Blended Finance: Alternative Models of Financing in Philanthropy

We are living in a time of increasing social needs combined with the greatest inequality in global wealth and the generosity of the givers is just not keeping pace. Philanthropists play a tremendous role in addressing this, but they need to be smarter and cutting-edge innovative philanthropy has never been so important to put limited resources to the best use. In philanthropy, innovation means the development of a new product, process or approach to enable funds to be given or invested more wisely or more easily. Innovation is occurring at great pace in all walks of life, and the philanthropy sector is no exception. The landscape is constantly changing, with new tools, vehicles and approaches being developed, tested, refined and implemented around the world.  Philanthropic foundations exist partly as a form of a growing movement to channel private funding to the public good in innovative ways.

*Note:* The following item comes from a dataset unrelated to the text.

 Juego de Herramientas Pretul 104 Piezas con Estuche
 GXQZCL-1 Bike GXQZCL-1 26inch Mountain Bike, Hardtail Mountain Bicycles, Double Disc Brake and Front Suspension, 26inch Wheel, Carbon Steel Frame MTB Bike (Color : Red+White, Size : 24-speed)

New players in the philanthropy field are also responsible for innovative thinking. While there has been an increasing professionalization of those working in the sector, innovation itself is being driven by the recent wealth creators turning their hand to social problems, and a younger generation of philanthropists doing things differently from their predecessors and it’s not just happening within the non-profit sector—some of the new initiatives are emerging from the private sector too. There’s a risk that traditional philanthropy may miss the boat if it doesn’t embrace innovation more, as new players set the pace and see traditional models as increasingly irrelevant.

Notable in the East Africa region is the increase in local giving and the growth of various channels of giving. One of these innovative ways being presented to Foundations and Trusts is Blended Finance, understood as the use of catalytic capital from public or philanthropic sources to increase private sector investment in sustainable development. It is a structuring approach that allows organizations with different objectives to invest alongside each other while achieving their own objectives (whether financial return, social impact, or a blend of both). The main investment barriers for private investors addressed by blended finance are:
(i) High perceived as risky and (ii) Poor returns for the risk relative to comparable investments. Blended finance creates investable opportunities in developing countries which leads to more development impact.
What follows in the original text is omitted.